Kuttner notes that after Moore’s victory, Bannon declared: “This is a populist nationalist conservative revolt. It’s a revolt against the elites in this country. It’s a revolt against the globalists among those elites.”
Unlike the bipartisanship for the 3.8 percent that elites like Chuck Todd insufferably are activists for, Kuttner writes that Bannon “continues to look for left-right common ground” on issues that will benefit American workers of all backgrounds.
Bannon told Charlie Rose during his 60 Minutes interview that economic nationalism will be the great unifying force because “as long as you’re an American citizen, you’re part of this populous economic nationalist movement.”
“Economic nationalism is what this country was built on. The American system—we look after our own. We look after our citizen, we look after our manufacturing base,” Bannon said on 60 Minutes. “And guess what? This country’s going to be greater, more united, more powerful than it’s ever been. This is not astrophysics. And by the way, that’s every nationality, every race, every religion, every sexual preference.”
Bannon also told Rose that the Republican establishment has never believed in the economic nationalist agenda that got Trump and elected and is “trying to nullify the 2016 election.”
“I think Mitch McConnell, and to a degree, Paul Ryan.
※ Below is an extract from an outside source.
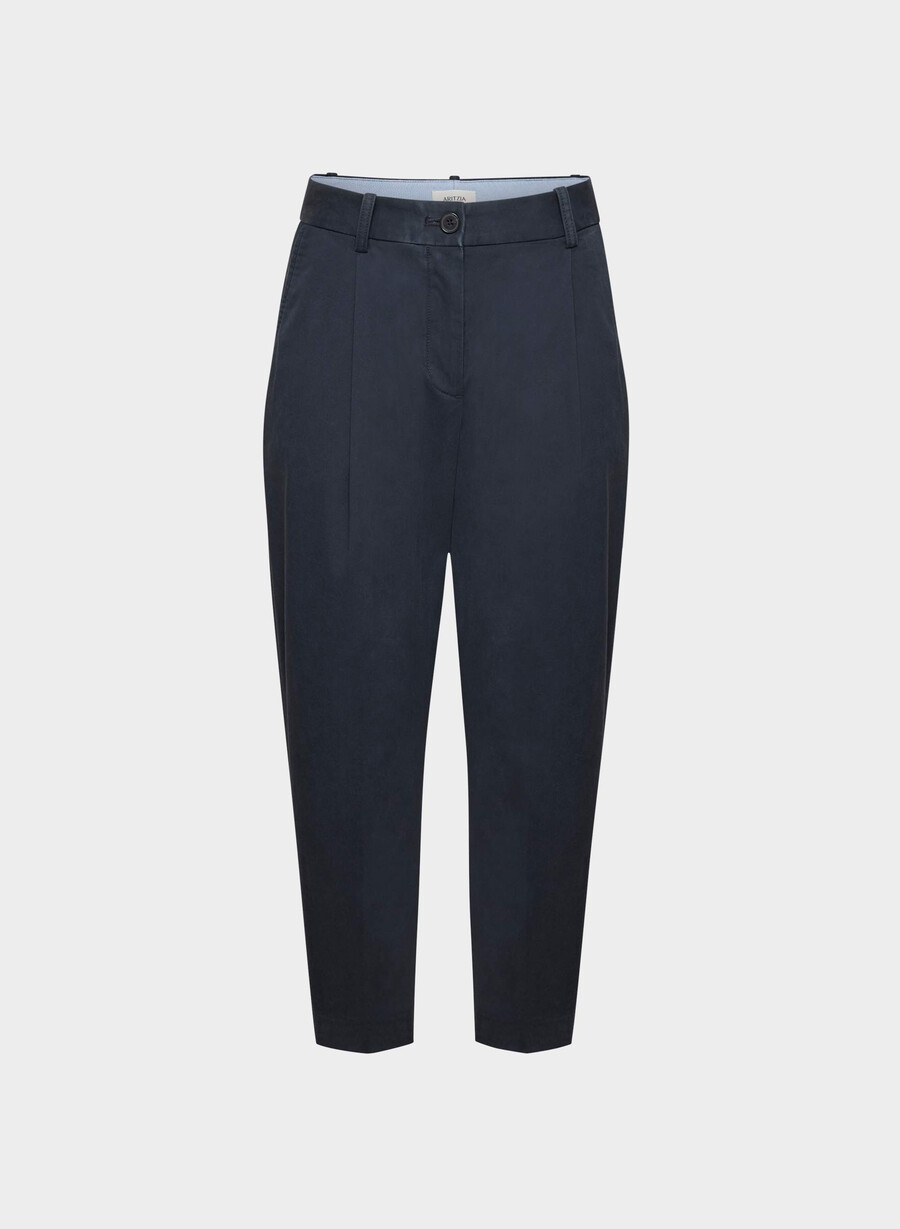 chino medium-high rise carrot pant vasket mØrk nattlav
They do not want Donald Trump’s populist, economic nationalist agenda to be implemented,” he said on 60 Minutes. “It’s very obvious.”
After his conversation with Bannon, Kuttner writes that “Bannon believes that if Republicans will just embrace populist economic nationalism, they can become a workers’ party and the majority party for decades to come. He’s been on the road, recruiting primary challengers to knock off Republican incumbents—and carry that populist message.”
Kuttner points out that “Bannon’s current obsession is to blow up Senate Majority Leader Mitch McConnell and Republican Senate incumbents whom he regards as hostile to his brand of nationalism.” And he acknowledges that Bannon can find common ground with left-of-center voters on issues like Wall Street accountability and trade agreements “that allow cheap labor to compete with domestic labor.”
And Kuttner even concedes that if Bannon can find good economic nationalist candidates, “centrist Democrats could be vulnerable.”
He also thinks that Republicans have no business “electing senators in states like Wisconsin and Pennsylvania,” but “as long as Democrats offer messages that blend Wall Street, globalism, and identity politics and fail to deliver a politics of class uplift, even extremist Republicans could keep winning.”
“If Bannon’s criticism of establishment Republicans is withering, his contempt for the failure of Democrats to take on their own Wall Street wing is boundless,” Kuttner concludes.
In a previous interview heard around the world with Kuttner, Bannon told him that so long as Democrats obsess about identity politics, right-of-center economic nationalists will “crush” them.
“The Democrats,” Bannon previously told Kuttner, “the longer they talk about identity politics, I got ’em. I want them to talk about racism every day. If the left is focused on race and identity, and we go with economic nationalism, we can crush the Democrats.”